══ PROVIDED INFORMATION
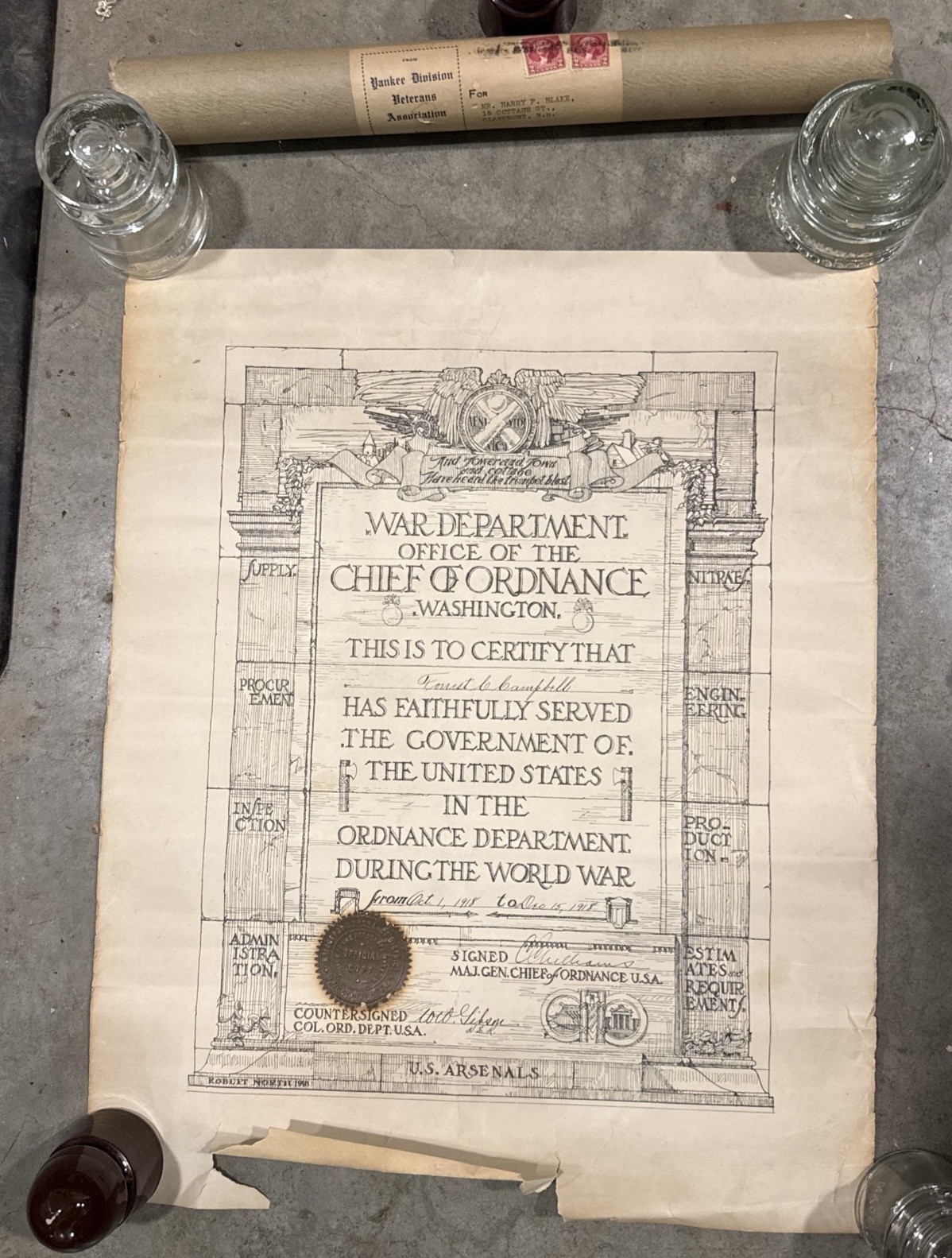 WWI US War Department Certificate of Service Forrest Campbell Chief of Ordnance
════
══ PROVIDED INFORMATION
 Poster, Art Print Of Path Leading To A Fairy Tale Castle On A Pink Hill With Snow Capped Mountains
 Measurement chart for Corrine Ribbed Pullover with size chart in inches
════
══ PROVIDED INFORMATION
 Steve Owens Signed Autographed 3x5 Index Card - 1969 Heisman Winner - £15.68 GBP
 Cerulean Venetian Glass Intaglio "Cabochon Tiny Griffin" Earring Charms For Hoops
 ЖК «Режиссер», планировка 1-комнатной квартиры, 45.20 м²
════
→ TASK OBJECTIVE:
Reproduce verbatim the lines above, from the line with "Poster, Art Print" through the line with "Measurement chart for".

→ EXERCISE OUTPUT:
 Poster, Art Print Of Path Leading To A Fairy Tale Castle On A Pink Hill With Snow Capped Mountains
 Measurement chart for Corrine Ribbed Pullover with size chart in inches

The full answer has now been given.